**WORK REQUIRED:**
Return exactly and only these lines: the first of the listing through the one containing "Support and Resistance".

**RECORDS TO PROCESS:**
* * * * * * *
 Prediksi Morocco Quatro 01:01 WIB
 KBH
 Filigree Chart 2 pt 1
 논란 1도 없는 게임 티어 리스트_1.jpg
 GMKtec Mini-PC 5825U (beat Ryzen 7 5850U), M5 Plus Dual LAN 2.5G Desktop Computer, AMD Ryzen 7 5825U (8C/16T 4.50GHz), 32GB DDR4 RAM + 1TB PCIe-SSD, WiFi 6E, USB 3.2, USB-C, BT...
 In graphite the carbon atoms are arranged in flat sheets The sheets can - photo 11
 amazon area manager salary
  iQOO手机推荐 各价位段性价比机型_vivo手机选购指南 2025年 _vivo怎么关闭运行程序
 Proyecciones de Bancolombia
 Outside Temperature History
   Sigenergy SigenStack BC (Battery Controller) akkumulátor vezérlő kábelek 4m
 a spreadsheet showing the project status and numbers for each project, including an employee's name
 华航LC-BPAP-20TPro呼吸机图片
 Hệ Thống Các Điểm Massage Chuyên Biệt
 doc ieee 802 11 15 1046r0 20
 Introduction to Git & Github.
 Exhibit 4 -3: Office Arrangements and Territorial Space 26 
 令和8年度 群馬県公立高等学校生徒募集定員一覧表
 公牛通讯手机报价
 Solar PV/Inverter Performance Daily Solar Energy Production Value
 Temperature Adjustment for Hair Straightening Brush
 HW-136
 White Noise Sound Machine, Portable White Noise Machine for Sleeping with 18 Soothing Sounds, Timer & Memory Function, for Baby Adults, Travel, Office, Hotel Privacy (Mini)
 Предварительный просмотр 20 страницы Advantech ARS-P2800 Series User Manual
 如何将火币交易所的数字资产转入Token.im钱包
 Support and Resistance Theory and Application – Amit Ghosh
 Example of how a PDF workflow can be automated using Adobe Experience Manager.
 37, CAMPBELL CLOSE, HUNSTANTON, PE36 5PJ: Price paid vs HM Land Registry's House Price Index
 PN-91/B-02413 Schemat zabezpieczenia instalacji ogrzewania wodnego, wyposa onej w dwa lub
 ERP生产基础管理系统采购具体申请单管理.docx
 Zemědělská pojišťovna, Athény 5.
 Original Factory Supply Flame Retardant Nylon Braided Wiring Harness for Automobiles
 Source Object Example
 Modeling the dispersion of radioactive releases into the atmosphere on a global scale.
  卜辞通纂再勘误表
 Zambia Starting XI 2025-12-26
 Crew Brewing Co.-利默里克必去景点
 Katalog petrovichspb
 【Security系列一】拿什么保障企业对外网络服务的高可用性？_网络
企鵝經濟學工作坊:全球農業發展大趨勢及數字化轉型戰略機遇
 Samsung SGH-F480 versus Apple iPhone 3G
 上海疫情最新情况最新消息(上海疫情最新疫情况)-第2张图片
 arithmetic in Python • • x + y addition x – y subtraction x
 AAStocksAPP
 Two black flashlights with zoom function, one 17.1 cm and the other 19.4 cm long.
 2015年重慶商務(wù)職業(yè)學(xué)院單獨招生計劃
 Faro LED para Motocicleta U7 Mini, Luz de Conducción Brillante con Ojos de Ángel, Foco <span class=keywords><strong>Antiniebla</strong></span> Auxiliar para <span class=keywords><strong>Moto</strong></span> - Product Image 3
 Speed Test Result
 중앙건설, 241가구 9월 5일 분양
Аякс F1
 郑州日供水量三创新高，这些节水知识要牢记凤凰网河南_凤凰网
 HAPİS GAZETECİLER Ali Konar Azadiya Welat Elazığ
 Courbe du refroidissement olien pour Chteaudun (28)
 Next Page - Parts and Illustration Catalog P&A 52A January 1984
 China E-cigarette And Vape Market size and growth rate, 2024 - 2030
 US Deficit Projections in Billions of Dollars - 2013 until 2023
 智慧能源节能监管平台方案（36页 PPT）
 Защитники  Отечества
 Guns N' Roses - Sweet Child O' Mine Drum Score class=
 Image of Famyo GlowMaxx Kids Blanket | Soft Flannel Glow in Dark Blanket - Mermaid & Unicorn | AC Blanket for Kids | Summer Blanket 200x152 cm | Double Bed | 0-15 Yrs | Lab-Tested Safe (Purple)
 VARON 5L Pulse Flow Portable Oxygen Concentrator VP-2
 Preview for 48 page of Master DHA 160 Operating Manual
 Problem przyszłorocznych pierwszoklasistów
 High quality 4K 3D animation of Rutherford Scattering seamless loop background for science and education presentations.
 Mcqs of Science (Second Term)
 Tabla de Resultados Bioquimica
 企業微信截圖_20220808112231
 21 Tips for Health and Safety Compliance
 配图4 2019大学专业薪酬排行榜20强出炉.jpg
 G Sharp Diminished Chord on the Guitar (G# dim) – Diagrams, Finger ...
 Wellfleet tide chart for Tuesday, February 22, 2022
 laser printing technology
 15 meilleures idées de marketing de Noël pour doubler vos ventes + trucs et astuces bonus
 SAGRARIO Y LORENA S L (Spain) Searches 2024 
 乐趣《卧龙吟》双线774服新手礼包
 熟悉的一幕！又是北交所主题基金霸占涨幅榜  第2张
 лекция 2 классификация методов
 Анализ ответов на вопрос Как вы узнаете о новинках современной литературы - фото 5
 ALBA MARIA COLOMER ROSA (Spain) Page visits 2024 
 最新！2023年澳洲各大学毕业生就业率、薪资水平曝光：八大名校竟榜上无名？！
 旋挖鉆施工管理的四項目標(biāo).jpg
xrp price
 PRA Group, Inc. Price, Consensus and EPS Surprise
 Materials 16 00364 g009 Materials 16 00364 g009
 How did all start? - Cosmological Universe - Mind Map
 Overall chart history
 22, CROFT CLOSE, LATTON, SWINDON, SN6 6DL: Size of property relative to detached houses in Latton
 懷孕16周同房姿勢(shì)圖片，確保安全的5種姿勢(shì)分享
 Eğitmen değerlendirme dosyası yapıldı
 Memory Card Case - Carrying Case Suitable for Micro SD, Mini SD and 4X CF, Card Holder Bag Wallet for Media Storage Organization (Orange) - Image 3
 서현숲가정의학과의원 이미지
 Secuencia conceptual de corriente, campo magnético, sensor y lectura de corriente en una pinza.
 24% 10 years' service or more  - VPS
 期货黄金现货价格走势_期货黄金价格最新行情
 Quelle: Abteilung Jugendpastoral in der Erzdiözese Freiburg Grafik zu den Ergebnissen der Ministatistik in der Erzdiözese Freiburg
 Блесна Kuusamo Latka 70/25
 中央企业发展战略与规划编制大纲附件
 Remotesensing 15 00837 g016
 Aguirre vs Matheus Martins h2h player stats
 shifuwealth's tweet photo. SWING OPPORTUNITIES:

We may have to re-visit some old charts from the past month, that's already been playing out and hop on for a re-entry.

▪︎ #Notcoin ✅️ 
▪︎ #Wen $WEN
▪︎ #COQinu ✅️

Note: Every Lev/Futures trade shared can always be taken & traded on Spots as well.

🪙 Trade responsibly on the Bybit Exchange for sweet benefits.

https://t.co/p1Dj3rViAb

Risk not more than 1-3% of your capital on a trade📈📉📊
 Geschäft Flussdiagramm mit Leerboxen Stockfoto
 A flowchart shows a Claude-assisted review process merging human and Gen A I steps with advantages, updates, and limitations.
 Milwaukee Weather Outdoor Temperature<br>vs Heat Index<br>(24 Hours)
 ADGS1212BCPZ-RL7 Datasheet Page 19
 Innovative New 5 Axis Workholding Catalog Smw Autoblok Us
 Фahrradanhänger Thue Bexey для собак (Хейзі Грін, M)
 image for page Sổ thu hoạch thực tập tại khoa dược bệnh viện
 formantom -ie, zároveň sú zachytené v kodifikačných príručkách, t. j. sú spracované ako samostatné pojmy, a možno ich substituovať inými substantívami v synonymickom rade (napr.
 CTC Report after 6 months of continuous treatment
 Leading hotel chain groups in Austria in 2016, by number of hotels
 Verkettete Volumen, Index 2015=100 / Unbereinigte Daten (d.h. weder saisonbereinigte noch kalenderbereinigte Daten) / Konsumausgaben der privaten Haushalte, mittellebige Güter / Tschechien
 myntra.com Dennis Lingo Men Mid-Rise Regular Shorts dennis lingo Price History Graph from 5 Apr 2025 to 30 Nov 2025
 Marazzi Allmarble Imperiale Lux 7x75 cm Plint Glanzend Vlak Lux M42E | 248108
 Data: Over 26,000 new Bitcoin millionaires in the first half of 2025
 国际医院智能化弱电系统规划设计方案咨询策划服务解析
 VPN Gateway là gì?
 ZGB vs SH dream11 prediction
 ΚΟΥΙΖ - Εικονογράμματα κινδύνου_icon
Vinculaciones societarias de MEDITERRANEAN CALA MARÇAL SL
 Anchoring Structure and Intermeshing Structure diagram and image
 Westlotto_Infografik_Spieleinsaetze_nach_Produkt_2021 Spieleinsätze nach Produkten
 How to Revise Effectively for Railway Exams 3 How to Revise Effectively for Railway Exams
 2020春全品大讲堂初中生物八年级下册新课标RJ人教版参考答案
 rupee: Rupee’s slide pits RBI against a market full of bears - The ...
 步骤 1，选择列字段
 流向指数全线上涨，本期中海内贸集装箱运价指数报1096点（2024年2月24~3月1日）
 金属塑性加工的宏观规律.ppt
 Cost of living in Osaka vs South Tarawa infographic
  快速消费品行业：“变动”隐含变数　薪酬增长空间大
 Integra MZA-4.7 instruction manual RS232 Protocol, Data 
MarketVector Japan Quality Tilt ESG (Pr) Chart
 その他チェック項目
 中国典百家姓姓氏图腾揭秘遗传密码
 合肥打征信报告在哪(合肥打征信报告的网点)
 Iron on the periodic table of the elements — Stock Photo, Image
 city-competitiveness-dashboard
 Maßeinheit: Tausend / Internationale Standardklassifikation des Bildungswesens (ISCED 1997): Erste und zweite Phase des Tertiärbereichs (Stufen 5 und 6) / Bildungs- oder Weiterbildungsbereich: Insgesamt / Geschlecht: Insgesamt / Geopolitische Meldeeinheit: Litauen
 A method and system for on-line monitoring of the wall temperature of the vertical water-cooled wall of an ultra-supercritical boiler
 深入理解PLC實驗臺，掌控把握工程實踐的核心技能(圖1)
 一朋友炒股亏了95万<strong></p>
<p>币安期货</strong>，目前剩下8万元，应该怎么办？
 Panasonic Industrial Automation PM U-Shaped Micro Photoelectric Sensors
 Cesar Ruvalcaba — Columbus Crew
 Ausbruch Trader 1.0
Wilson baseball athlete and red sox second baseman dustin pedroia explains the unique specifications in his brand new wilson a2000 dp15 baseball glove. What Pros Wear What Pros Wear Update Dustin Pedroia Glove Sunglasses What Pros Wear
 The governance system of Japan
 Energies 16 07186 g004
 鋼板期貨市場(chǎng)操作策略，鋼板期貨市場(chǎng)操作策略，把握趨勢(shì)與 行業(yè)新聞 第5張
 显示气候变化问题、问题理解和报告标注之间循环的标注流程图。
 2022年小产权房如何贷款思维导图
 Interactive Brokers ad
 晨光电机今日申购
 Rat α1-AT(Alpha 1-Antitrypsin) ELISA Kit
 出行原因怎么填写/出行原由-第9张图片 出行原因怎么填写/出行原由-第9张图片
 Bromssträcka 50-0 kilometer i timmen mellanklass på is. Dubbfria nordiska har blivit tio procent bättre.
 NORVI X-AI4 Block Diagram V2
* * * * * * *
**RESULT OF THE TASK:**
 Prediksi Morocco Quatro 01:01 WIB
 KBH
 Filigree Chart 2 pt 1
 논란 1도 없는 게임 티어 리스트_1.jpg
 GMKtec Mini-PC 5825U (beat Ryzen 7 5850U), M5 Plus Dual LAN 2.5G Desktop Computer, AMD Ryzen 7 5825U (8C/16T 4.50GHz), 32GB DDR4 RAM + 1TB PCIe-SSD, WiFi 6E, USB 3.2, USB-C, BT...
 In graphite the carbon atoms are arranged in flat sheets The sheets can - photo 11
 amazon area manager salary
  iQOO手机推荐 各价位段性价比机型_vivo手机选购指南 2025年 _vivo怎么关闭运行程序
 Proyecciones de Bancolombia
 Outside Temperature History
   Sigenergy SigenStack BC (Battery Controller) akkumulátor vezérlő kábelek 4m
 a spreadsheet showing the project status and numbers for each project, including an employee's name
 华航LC-BPAP-20TPro呼吸机图片
 Hệ Thống Các Điểm Massage Chuyên Biệt
 doc ieee 802 11 15 1046r0 20
 Introduction to Git & Github.
 Exhibit 4 -3: Office Arrangements and Territorial Space 26 
 令和8年度 群馬県公立高等学校生徒募集定員一覧表
 公牛通讯手机报价
 Solar PV/Inverter Performance Daily Solar Energy Production Value
 Temperature Adjustment for Hair Straightening Brush
 HW-136
 White Noise Sound Machine, Portable White Noise Machine for Sleeping with 18 Soothing Sounds, Timer & Memory Function, for Baby Adults, Travel, Office, Hotel Privacy (Mini)
 Предварительный просмотр 20 страницы Advantech ARS-P2800 Series User Manual
 如何将火币交易所的数字资产转入Token.im钱包
 Support and Resistance Theory and Application – Amit Ghosh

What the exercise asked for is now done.